Subir, subir, subir tem sido a tônica dos que sonham em progredir na vida, mas o divã está lotado de gente que "chegou lá" e se viu na cobertura do edifício errado. Ouvindo o canto das sereias das obviedades, seguem a vida sem reflexão, casando, trabalhando, tendo filhos sem que nenhuma dessas ações seja questionada. Só o sintoma os permite parar para repensar uma vida que se mostra profundamente insatisfatória. Seria apenas um assunto de foro íntimo sobre as escolhas alienadas de cada um se não houvesse uma vertente coletiva dessa cegueira que serve de caldo para a primeira.

Ilustração de Orlando sobre terapia - Orlando

Nossa sociedade se recusa a admitir que não só subiu no prédio errado como o está implodindo, ainda que dependa dele para existir. Vladimir Safatle escreve na apresentação de seu curso com o sugestivo nome de "Crise ecológica, crise psíquica e o fim do progresso" sobre a ideia de progresso que nos assola, ou pior, soterra. Em nome dele a civilização que dominou o mundo nos últimos séculos tem exaurido todos os recursos que poderiam garantir o futuro da sua própria descendência.

Para uma cultura cujo lema é que os "melhores" vencem, faltou definir melhores. Estão aí os arautos do sucesso, como Lemann, Telles e Sicupira a servir de farol para um bando de executivos que não temem deixar como saldo de seu "trabalho" um rastro de destruição.
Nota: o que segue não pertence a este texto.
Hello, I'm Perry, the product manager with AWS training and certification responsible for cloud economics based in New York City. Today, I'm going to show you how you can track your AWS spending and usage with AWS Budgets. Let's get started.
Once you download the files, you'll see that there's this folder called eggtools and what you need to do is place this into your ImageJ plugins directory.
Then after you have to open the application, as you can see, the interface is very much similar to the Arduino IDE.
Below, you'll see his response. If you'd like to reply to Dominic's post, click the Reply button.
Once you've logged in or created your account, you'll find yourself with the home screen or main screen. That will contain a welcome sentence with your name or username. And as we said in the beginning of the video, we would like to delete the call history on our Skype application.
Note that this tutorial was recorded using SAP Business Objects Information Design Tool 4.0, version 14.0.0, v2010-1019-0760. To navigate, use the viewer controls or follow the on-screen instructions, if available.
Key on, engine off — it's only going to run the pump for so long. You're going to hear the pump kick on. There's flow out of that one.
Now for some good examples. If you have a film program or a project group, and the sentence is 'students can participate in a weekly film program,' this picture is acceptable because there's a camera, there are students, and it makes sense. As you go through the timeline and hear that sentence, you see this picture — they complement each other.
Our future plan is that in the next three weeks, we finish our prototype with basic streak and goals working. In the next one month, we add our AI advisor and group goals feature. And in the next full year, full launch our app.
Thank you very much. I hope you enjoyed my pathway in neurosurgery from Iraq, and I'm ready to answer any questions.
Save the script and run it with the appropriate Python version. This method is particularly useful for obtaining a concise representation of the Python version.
Filantropos que tiram com as duas mãos aquilo que oferecem candidamente com a unha do dedo mindinho.

Não foi a má contabilidade que causou a derrocada da rede Lojas Americanas, assim como não foi a chuva que sufocou dezenas de inocentes e arrasou o litoral. Em ambas é o mito do homem de sucesso que está por trás das mortes e do colapso. Os homens considerados vencedores têm sido os cidadãos mais violentos e inescrupulosos da nossa sociedade.
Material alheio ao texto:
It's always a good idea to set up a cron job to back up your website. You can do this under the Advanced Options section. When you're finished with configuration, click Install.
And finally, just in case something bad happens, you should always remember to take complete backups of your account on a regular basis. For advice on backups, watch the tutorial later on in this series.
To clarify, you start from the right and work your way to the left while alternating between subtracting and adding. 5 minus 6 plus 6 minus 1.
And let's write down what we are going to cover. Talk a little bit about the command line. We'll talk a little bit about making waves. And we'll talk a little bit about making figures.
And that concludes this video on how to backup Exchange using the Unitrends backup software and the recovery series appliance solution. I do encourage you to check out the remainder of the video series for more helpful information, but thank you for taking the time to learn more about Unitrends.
Só se consegue fazer frente a seus efeitos devastadores com mobilizações hercúleas dos que costumam ser considerados os "perdedores". A depredação imobiliária que vem se abatendo sobre o litoral brasileiro, com os efeitos trágicos que vimos mais uma vez na semana passada, promoveu uma força-tarefa capitaneada por caiçaras. A palavra caiçara significa: cerca em torno da aldeia, pescador, mas também, assustadoramente, malandro e vagabundo.

Eudes Assis é um caiçara. Como já se falou aqui neste jornal, ele é chef de sucesso e coordenador de um projeto social lindíssimo em Camburi. O cara progrediu, fala outras línguas, viajou pelo mundo, ganhou dinheiro e é celebrado. Ele é a prova de que existem outros tipos de sucesso, aqueles nos quais a pessoa entrou no elevador do prédio certo e não se contentou em subir sozinho. Cada uma das pessoas que está hoje na destruída São Sebastião cozinhando, servindo e abrigando se revela uma pessoa de sucesso na empreitada humana.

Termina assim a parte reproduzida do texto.